Data extract:
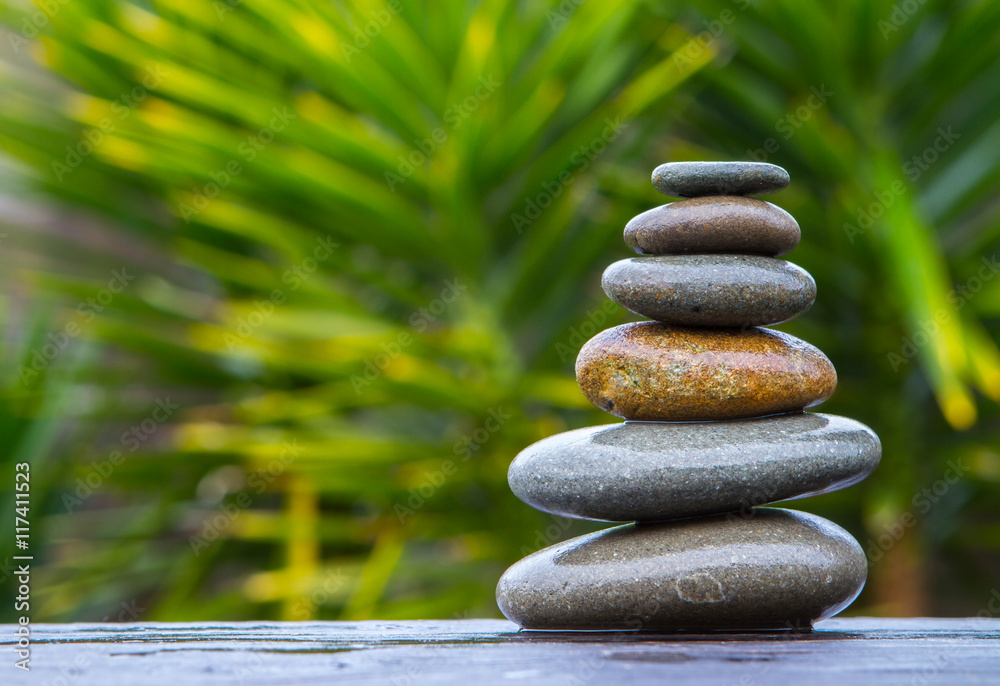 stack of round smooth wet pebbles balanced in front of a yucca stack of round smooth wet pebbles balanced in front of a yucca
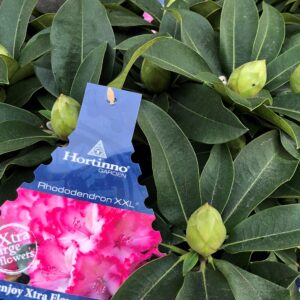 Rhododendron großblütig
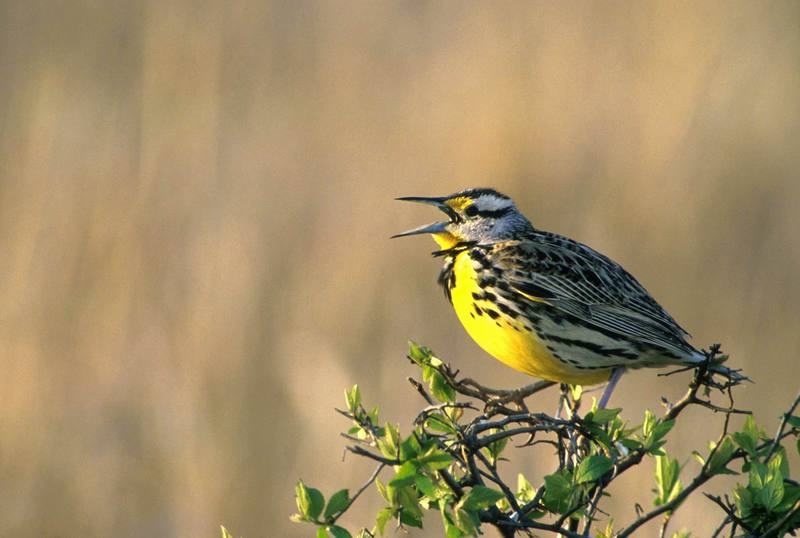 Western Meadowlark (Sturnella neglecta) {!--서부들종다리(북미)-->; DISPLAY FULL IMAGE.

Problem statement: Copy every line of the data exactly as written, excluding the pictures.

Result of this task:
 stack of round smooth wet pebbles balanced in front of a yucca stack of round smooth wet pebbles balanced in front of a yucca
 Rhododendron großblütig
 Western Meadowlark (Sturnella neglecta) {!--서부들종다리(북미)-->; DISPLAY FULL IMAGE.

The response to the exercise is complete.